For one thing, although the Chinese don’t elect their leaders, they trust their government more. According to recent World Values Surveys, 96.7% of Chinese expressed confidence in their government, compared to only 37.3% of Americans. Likewise, 83.5% of Chinese thought their country is run for all the people, rather than for a few big interest groups, whereas only 36.7% of Americans thought the same of their country. With this relatively higher trust, China’s government and enterprises are better able to enact and implement strict policies that promote saving and growth.

Moreover, while economic inequality is on the rise in both countries, Chinese and Americans comprehend this very differently. In the US, widely called “the land of opportunity,” the shame of being poor is unbearable, and there are no cultural resources to enable such people to maintain self-esteem, especially when the country is so successful overall. As inequality deepens, many who fall behind struggle to save face, consuming in order to maintain the appearance of success. At the same time, those who rise from low economic status revel in their newfound wealth by engaging in spectacular displays of personal spending.

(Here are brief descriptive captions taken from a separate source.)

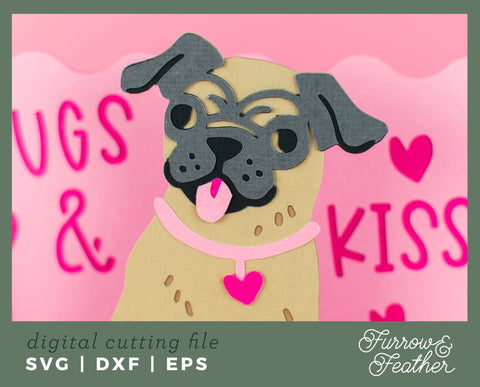 Pugs and Kisses Card - Valentine's Day 3D Card SVG 3D Paper Furrow and Feather SVG 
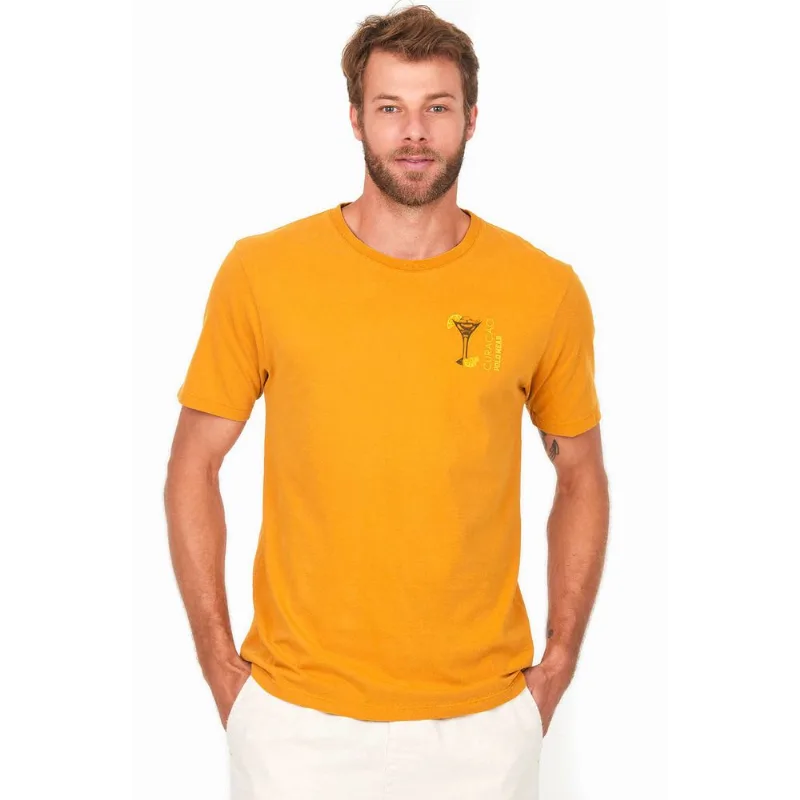 Camiseta Masculina Blessed Silk Polo Wear Amarelo Médio P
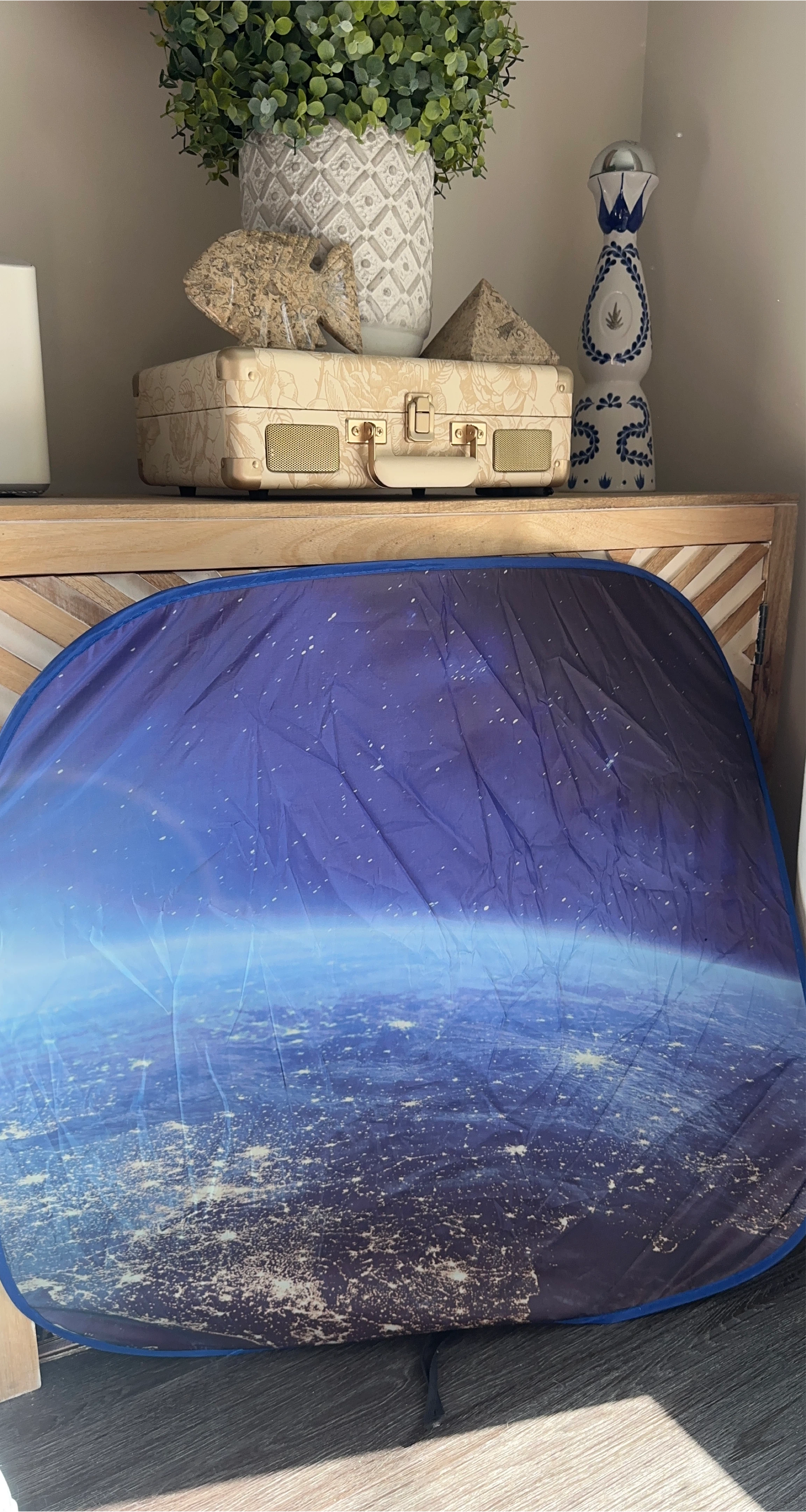 Car Sunshade with Earth Night Sky Design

By contrast, poor people in China mostly view their personal situation as transitional. People still remember the Cultural Revolution and view themselves as survivors of a shared traumatic experience, underpinning a commitment to collective sacrifice in order to rebuild the country. There is no shame in being poor in China if one reflects that one’s children or grandchildren will be wealthy and successful. On the contrary, as in postwar Germany, it is a matter of pride that one is working hard through a difficult situation that will later be remembered as a historic transition.

In the US, one’s income is a dark secret that one might not reveal even to one’s own spouse. In China, people tell each other how much they earn with relative ease. Especially in Chinese villages, people know how their neighbors are faring. Conspicuous consumption becomes less important when people already know your income.